David Attenborough asks corporations to protect wilderness from overpopulation

Regular readers of Climate & Capitalism know that David Attenborough, in addition to making nature films, is a patron of Optimum Population Trust, a British outfit that, using the name Population Matters, promotes birth control for poor people and immigration restrictions to keep those same people out of Britain.

Last year we reported a talk he gave to a posh gathering in London, chaired by no less a personage than Prince Phillip, in which he said only “flat earthers” disagree with his view that only population reduction can save the planet. Contraception, he said, “is the humane way, the powerful option which allows all of us to deal with the problem, if we collectively choose to do so.”

We haven’t previously mentioned that Sir David is also a patron of World Land Trust. This week he spoke on behalf of that group to yet another posh meeting in London, this one attended by “lawyers, city investors and business people.” (The meeting is reported in the UK Guardian.)

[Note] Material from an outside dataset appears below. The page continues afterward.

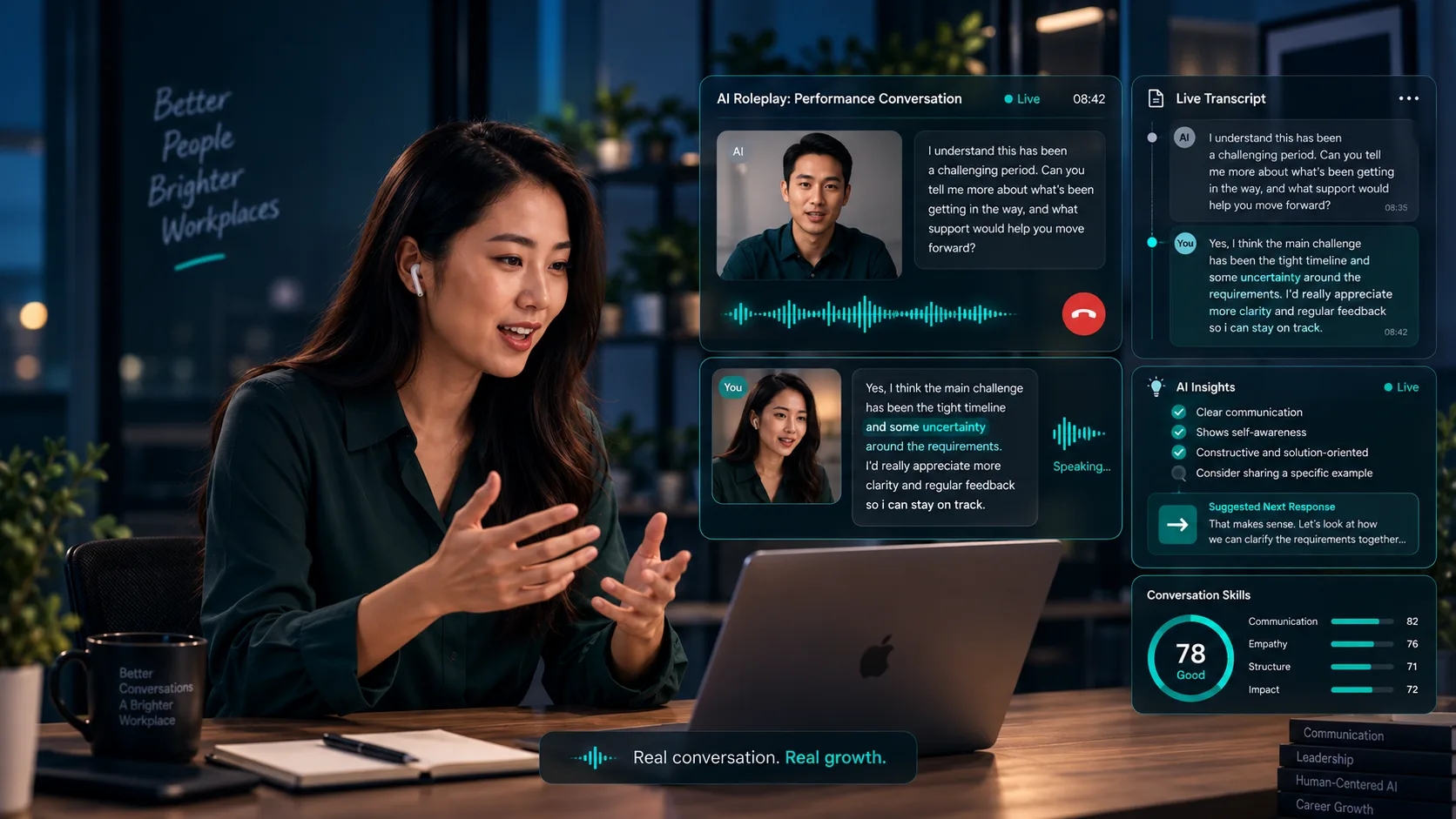 Professional practicing a performance conversation with RoleplAI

He repeated his message that Third World overbreeding is a huge threat, but this time he was less sanguine about the efficacy of “the humane way.”

In fact, he said, it just isn’t possible to stop population growth in time to save the planet. “Nothing we can do will stop that increase. We may be able to slow it, but stop it in our lifetimes we cannot.”

Since the population bomb can’t be stopped, Attenborough says we need to focus on “making sure mankind doesn’t spread willy nilly over every square yard of the globe.”

How? By buying large tracts of rainforest, and converting them into private wildlife reserves.

Two questions arise immediately. Who will pay for this land? And what happens to the people who live there?

The answer to the first question is simple. Attenborough thinks big businesses should contribute the needed cash to World Land Trust, which will buy the land and hand it over to local NGOs that promise to keep it safe.

Some might object that business doesn’t have a great record of environmental protection, but Attenborough is more than willing to slather greenwash over any corporation that makes a tax deductible donation. Businesses may have defiled the earth in the past, but they just didn’t know better. Today, he says, “Wealth empowers, and businesses have by no means been slow in helping. We’ve gone to multinationals over and over again.”

As for the second question – WLT preserves are no-go areas for those overbreeding locals. According to the WLT website, donors may be allowed to visit as ecotourists, but no one else gets in. “If there is occasional incursion into the forests this is quickly dealt with by the park wardens who are familiar with the borders.”

WLT is all in favor of REDD+, the UN-sanctioned program to privatize Third World forests and use them for carbon trading. In a recent statement, WLT president John Burton described the plan as “by far the best option on the table for raising significant funds for biodiversity conservation.”

The people who actually live in those forests, in contrast, say that REDD+ “threatens the survival of Indigenous Peoples and forest-dependent communities and could result in the biggest land grab of all time.”

Through Optimum Population Trust, Attenborough works to prevent poor people from coming to England. And through World Land Trust, he works to prevent them from living in their homelands.

And his rich donors, who do more to destroy the earth every day than his Third World victims do in their lifetimes, get tax deductions and carbon credits.